→ THE RECORDS
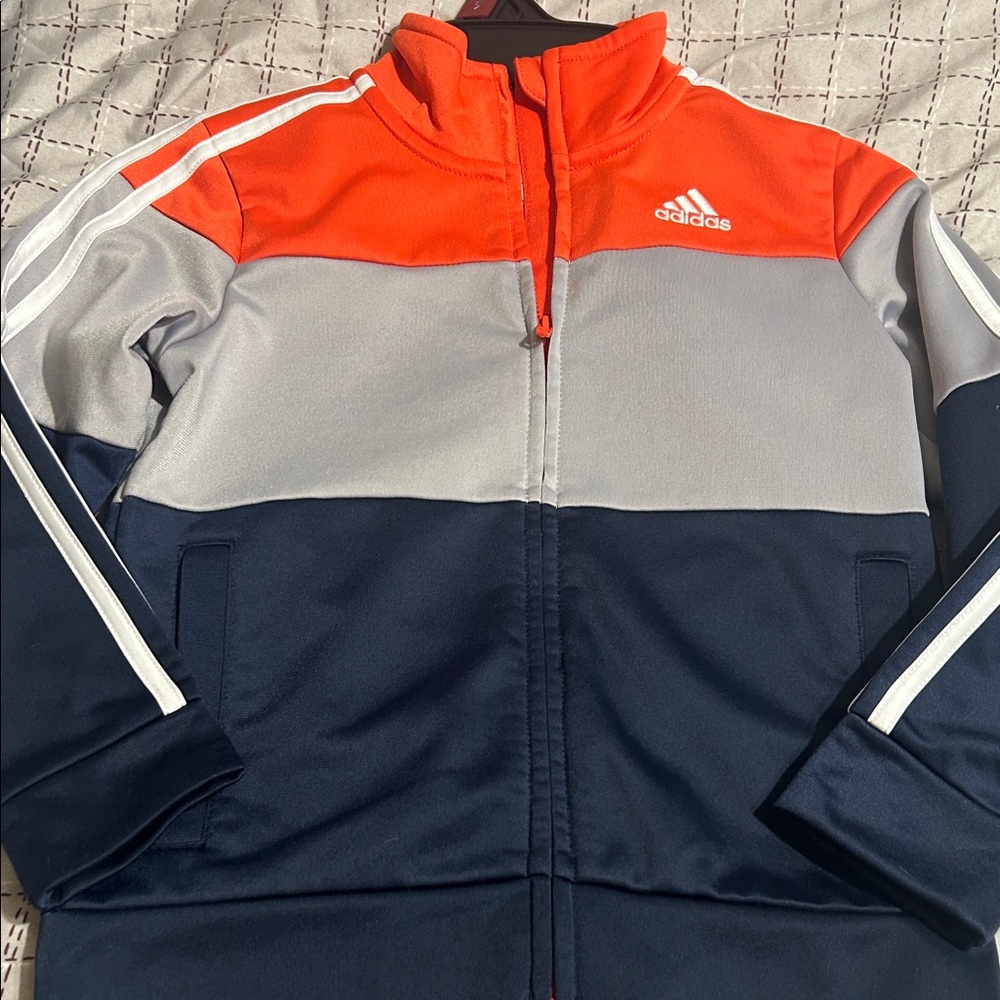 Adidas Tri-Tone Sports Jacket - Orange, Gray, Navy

--

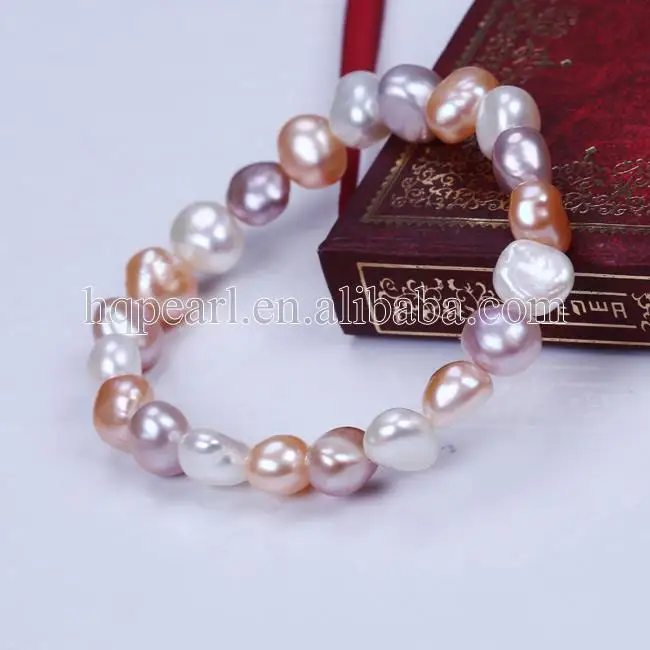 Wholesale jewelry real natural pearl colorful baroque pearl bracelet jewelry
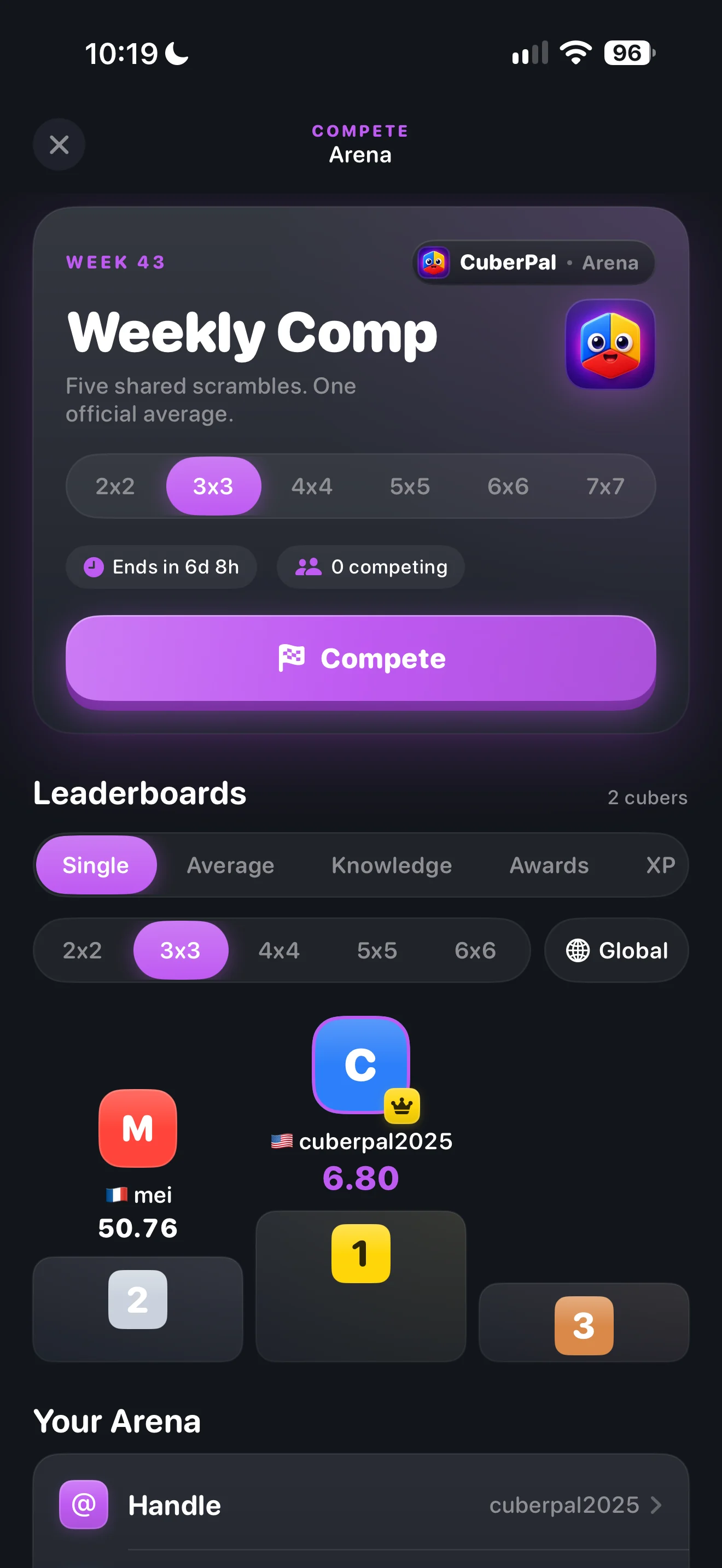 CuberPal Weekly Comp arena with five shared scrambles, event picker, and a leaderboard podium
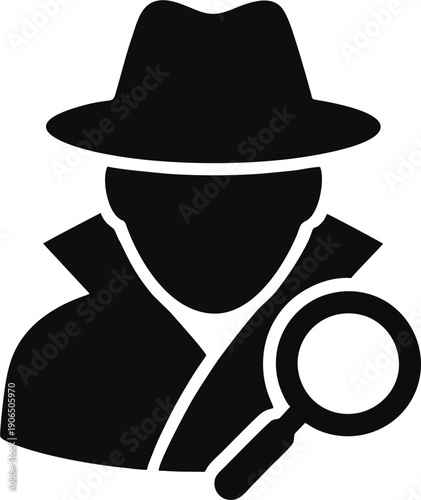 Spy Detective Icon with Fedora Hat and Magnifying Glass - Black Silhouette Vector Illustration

→ ASSIGNED TASK
Start with the line above containing "Wholesale jewelry real" and end with the line containing "Spy Detective Icon". Set down that stretch exactly, without any pictures.

→ YOUR RESPONSE
 Wholesale jewelry real natural pearl colorful baroque pearl bracelet jewelry
 CuberPal Weekly Comp arena with five shared scrambles, event picker, and a leaderboard podium
 Spy Detective Icon with Fedora Hat and Magnifying Glass - Black Silhouette Vector Illustration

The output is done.